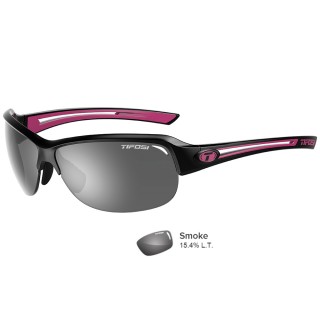 TIFOSI OPTICS Tifosi Mira Black/Pink Single Lens Sunglasses - Smoke TIFOSI OPTICS Tifosi Mira Black/Pink Single Lens Sunglasses - Smoke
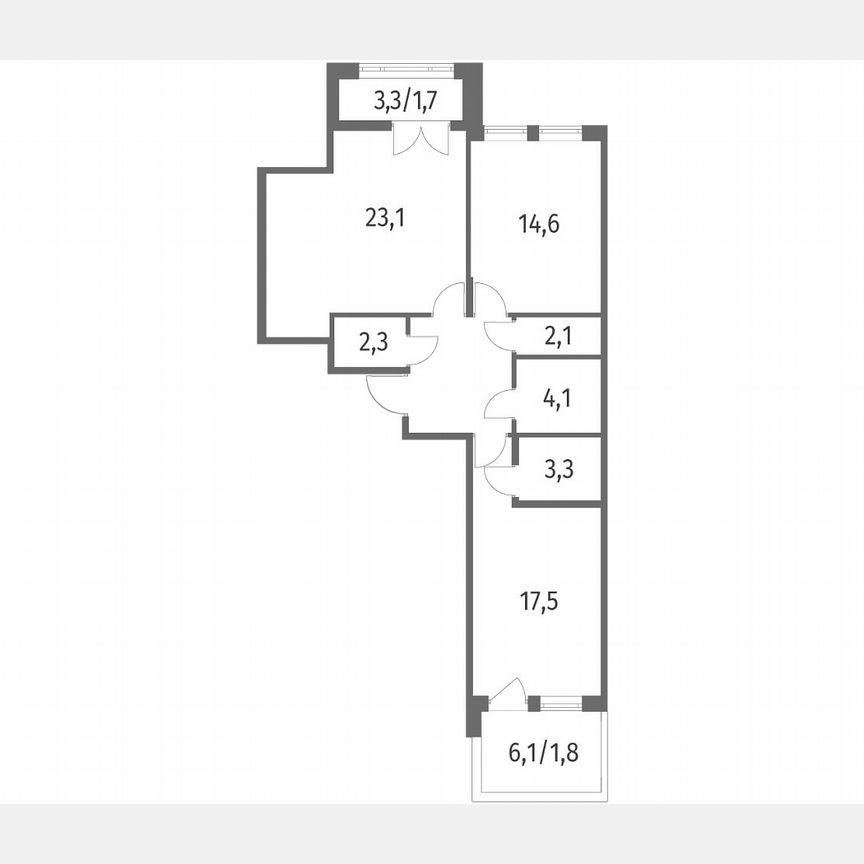 2-к. квартира, 78,4 м², 2/8 эт.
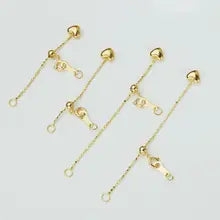 Pure 18k Gold Fine Jewelry DIY Finding Au750 Accessories Pearl Necklace Bracelet Extend Tail Clasp Ajustable Extender Chain - Yellow gold color 3cm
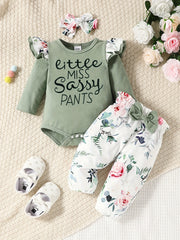 Cute Baby Girls 3 Piece Outfit Squirrel Print Ruffle Sleeve Bodysuit Pants & Hea
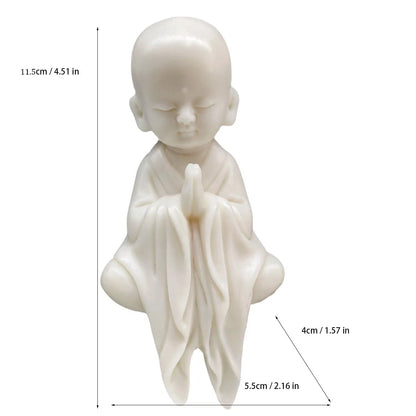 Zen Young Monk Decorative Figurines Buddhist Figure Sculpture Cute Home Room Office Garden Decoration Ornaments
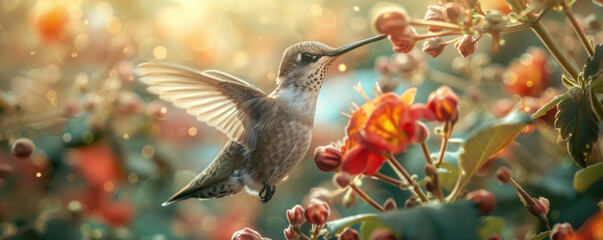 Fototapeta premium A tiny hummingbird hovering in front of a flower, its wings beating so fast they are almost invisible.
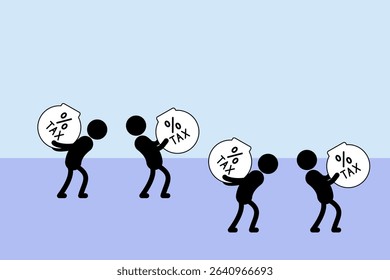 Stick figures struggle to carry oversized bags labeled “% TAX,” illustrating the overwhelming burden of taxation Illustration vector design. EPS 10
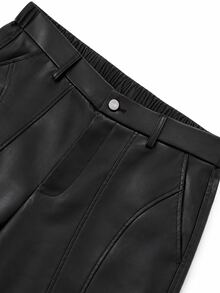 PAVTROS Men's Solid Color Pocket Flared Leather Pants, Casual Style - Black - View 4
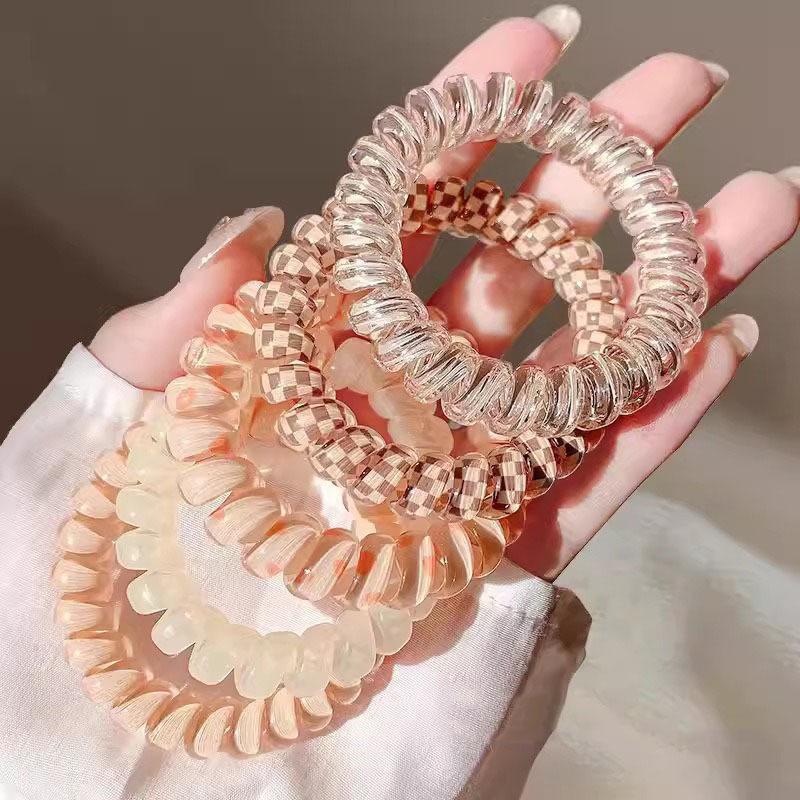 5PCS Bright Shining Telephone Line Wire Elastic Hair Bands Tie Gum Headwear Ponytail Holder Rubber Bands Women Hair Accessories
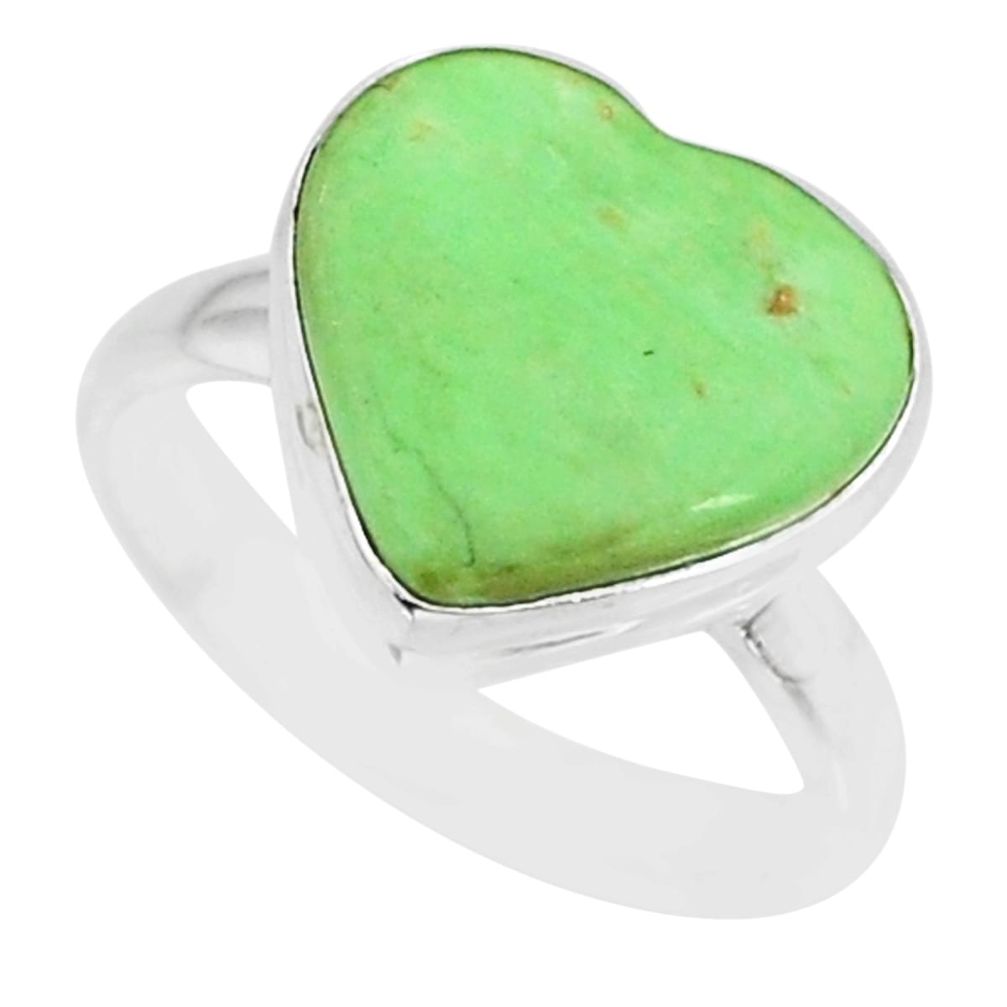 925 silver 8.84cts natural green variscite heart solitaire ring size 8.5 r84635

++++++++++++++++++++

**Task directions**
Write out each entry again exactly, and skip the pictures.

**Exercise answer**
 TIFOSI OPTICS Tifosi Mira Black/Pink Single Lens Sunglasses - Smoke TIFOSI OPTICS Tifosi Mira Black/Pink Single Lens Sunglasses - Smoke
 2-к. квартира, 78,4 м², 2/8 эт.
 Pure 18k Gold Fine Jewelry DIY Finding Au750 Accessories Pearl Necklace Bracelet Extend Tail Clasp Ajustable Extender Chain - Yellow gold color 3cm
 Cute Baby Girls 3 Piece Outfit Squirrel Print Ruffle Sleeve Bodysuit Pants & Hea
 Zen Young Monk Decorative Figurines Buddhist Figure Sculpture Cute Home Room Office Garden Decoration Ornaments
 Fototapeta premium A tiny hummingbird hovering in front of a flower, its wings beating so fast they are almost invisible.
 Stick figures struggle to carry oversized bags labeled “% TAX,” illustrating the overwhelming burden of taxation Illustration vector design. EPS 10
 PAVTROS Men's Solid Color Pocket Flared Leather Pants, Casual Style - Black - View 4
 5PCS Bright Shining Telephone Line Wire Elastic Hair Bands Tie Gum Headwear Ponytail Holder Rubber Bands Women Hair Accessories
 925 silver 8.84cts natural green variscite heart solitaire ring size 8.5 r84635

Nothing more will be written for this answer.